Many students have been wondering what is planned for the empty residence halls on campus, and it appears that nothing will be done with them anytime soon.
Three residence halls — Taggart, Merrill and Travis — are currently unoccupied. According to a 2016 Torch article by Harley Harrison, Merrill and Travis residents received an email stating the halls would be closing at the start of the 2017-18 school year.
Ferris Vice President of Administration and Finance Jerry Scoby said that the halls will likely be demolished, but it may be a few years before any action to do so is taken.
“What we don’t want to do is tear them down, improve the site and then come back a year later and do something new there, because if we were to do it that way, we would actually be wasting money by dressing up the site after the building came down, and then when you come back in to build something else there, you’re going to tear up the landscaping and things that you put in,” Scoby said.
Some students feel that the halls could continue to serve a purpose in the meantime rather than standing empty.
“I think it’s unfortunate. I think there’s a lot that could be done and people could still live there, but I don’t know the exact specifics of why they closed. I have a lot of family members that went to Ferris, so they lived in those dorms and it’s kind of just sad to see that end,” Ferris information security and intelligence junior Marta Schick said.

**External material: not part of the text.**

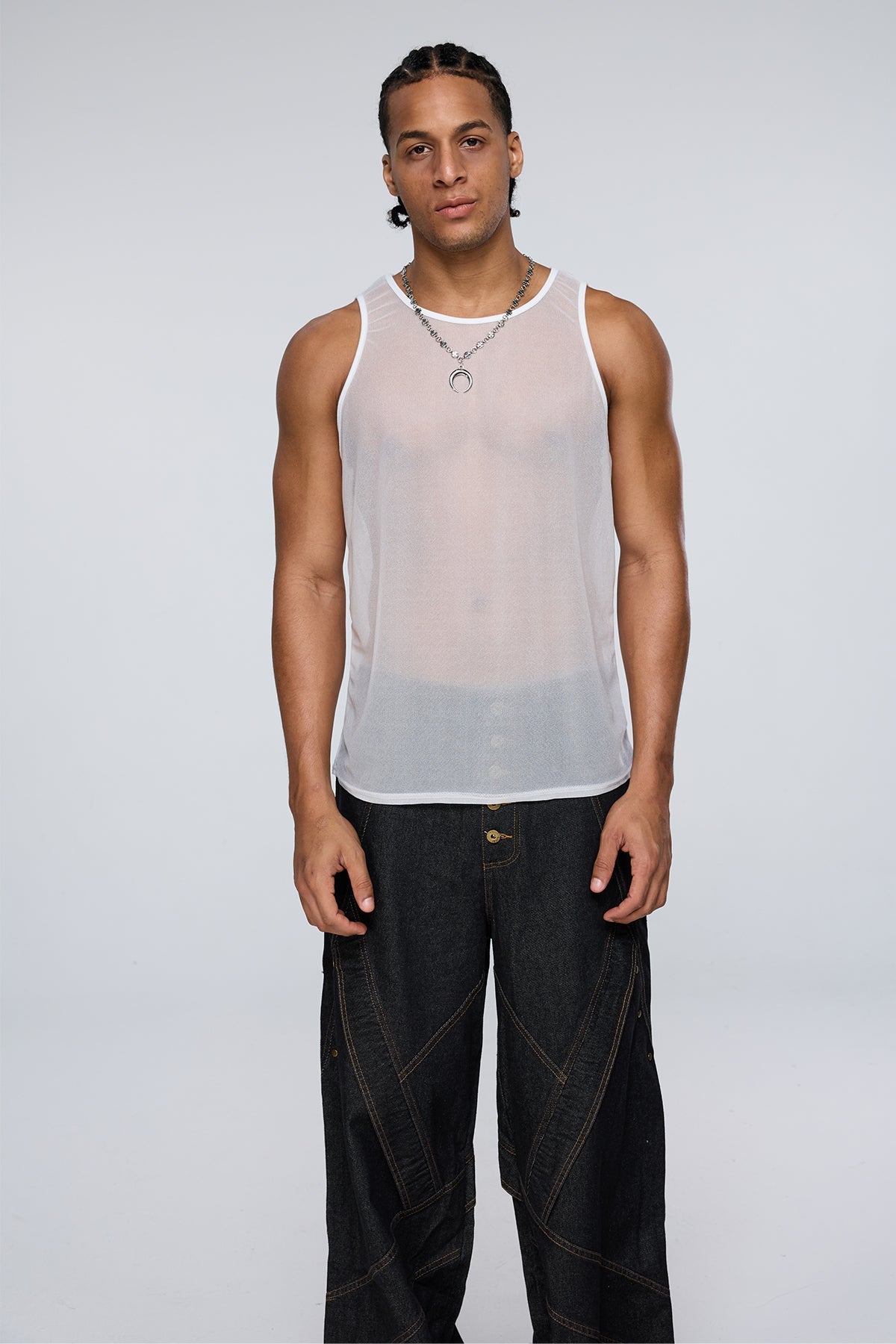 Vector Cell Mesh Tank Top White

However, the closing of those halls is a matter of supply and demand between available housing and student enrollment.
“It’s a question of if you’ve got so many beds to offer and you have fewer students than that, you need to be thoughtful about the cost to open and operate a building,” Scoby said.
Despite the empty buildings, North Hall was built in 2017, and set an enviable new standard that is difficult for the other residence halls on campus to match.
Ferris product design engineering technology freshman Katherine Fodor believes students in the honors program deserve nicer buildings similar to North Hall.
“It’s a slap in the face as an honors student, because for how hard we work, I feel like we deserve nicer, more technologically advanced buildings that are closer to our classes on campus,” Fodor said.